The `uncondExact2x2` function gives unconditional exact tests and confidence intervals for two independent binomial observations. The `uncondExact2x2Pvals` function repeatedly calls `uncondExact2x2` to get the p-values for the entire sample space.

Let X1 be binomial(n1,theta1) and X2 be binomial(n2,theta2). The parmtype determines the parameter of interest: ‘difference’ is theta2 - theta1, 'ratio' is theta2/theta1, and ‘oddsratio’ is (theta2*(1-theta1))/(theta1*(1-theta2)).
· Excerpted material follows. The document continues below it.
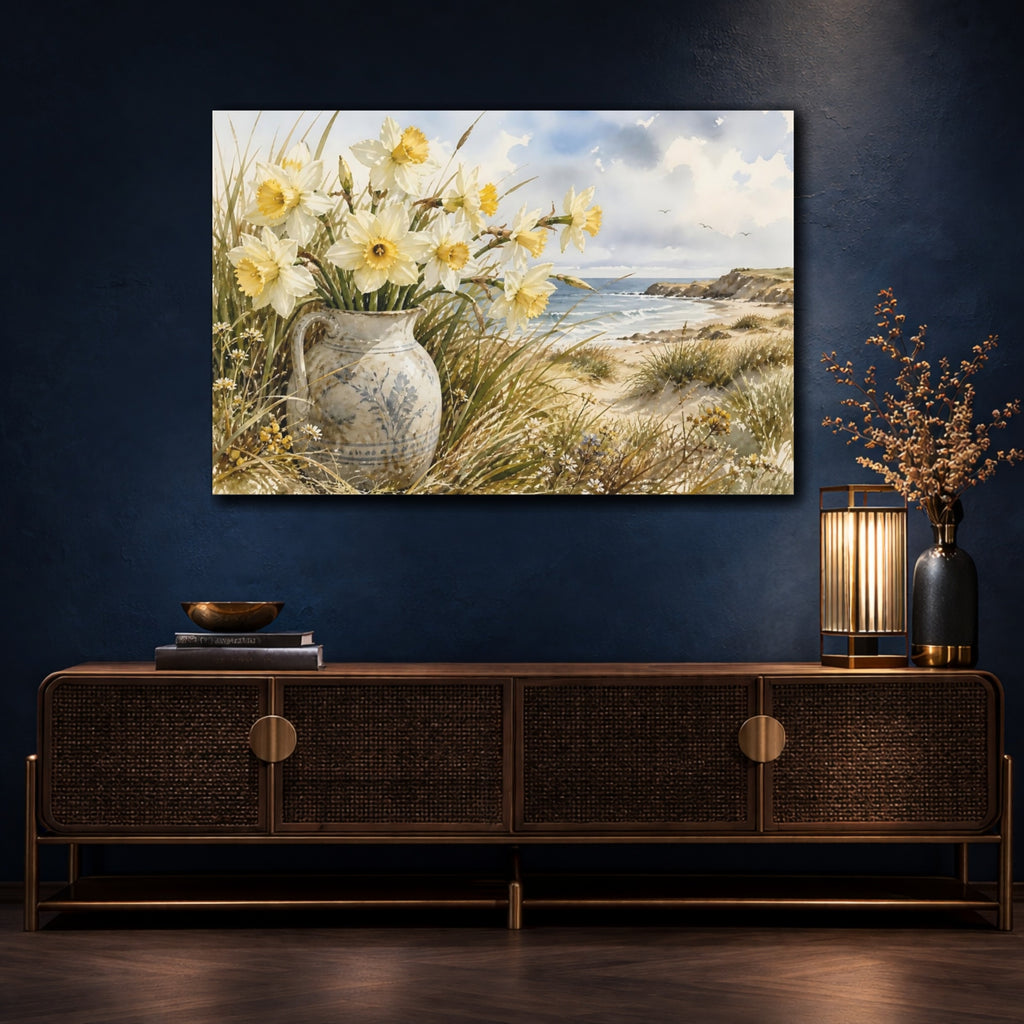 Mockup 4. Floral Daffodils Yellow And Blue shown as stretched canvas wall art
The options `method`, `parmtype`, `tsmethod`, `alternative`, `EplusM`, and `tiebreak` define some built-in test statistic function, Tstat, that is used to order the sample space, using `pickTstat` and `calcTall`. The first 5 arguments of Tstat must be `Tstat(X1,N1,X2,N2, delta0)`, where X1 and X2 must allow vectors, and delta0 is the null parameter value (but delta0 does not need to be used in the ordering). Ordering when `parmtype="ratio"` or `parmtype="oddsratio"` is only used when there is information about the parameter. So the ordering function value is not used for ordering when x1=0 and x2=0 for `parmtype="ratio"`, and it is not used when (x1=0 and x2=0) or (x1=n1 and x2=n2) for `parmtype="oddsratio"`.

We describe the ordering functions first for the basic case, the case when `tsmethod="central"` or `alternative!="two.sided"`, `EplusM=FALSE`, and `tiebreak=FALSE`. In this basic case the ordering function, Tstat, is determined by `method` and `parmtype`:

• method='simple' - Tstat essentially replaces theta1 with x1/n1 and theta2 with x2/n2 in the parameter definition. If parmtype=‘difference’ then `Tstat(X1,N1,X2,N2,delta0)` returns `X2/N2-X1/N1-delta0`. If parmtype='ratio' then the Tstat function returns `log(X2/N2) - log(X1/N1) - log(delta0)`. If parmtype='oddsratio' we get `log( X2*(N1-X1)/(delta0*X1*(N2-X2)))`.

• method='wald-pooled' - Tstat is a Z statistic on the difference using the pooled variance (not allowed if `parmtype!="difference"`)

• method='wald-unpooled' - Tstat is a Z statistics on the difference using unpooled variance (not allowed if `parmtype!="difference"`)

• method='score' - Tstat is a Z statistic formed using score statistics, where the parameter is defined by parmtype, and the constrained maximum likelihood estimates of the parameter are calculated by `constrMLE.difference`, `constrMLE.ratio`, or `constrMLE.oddsratio`.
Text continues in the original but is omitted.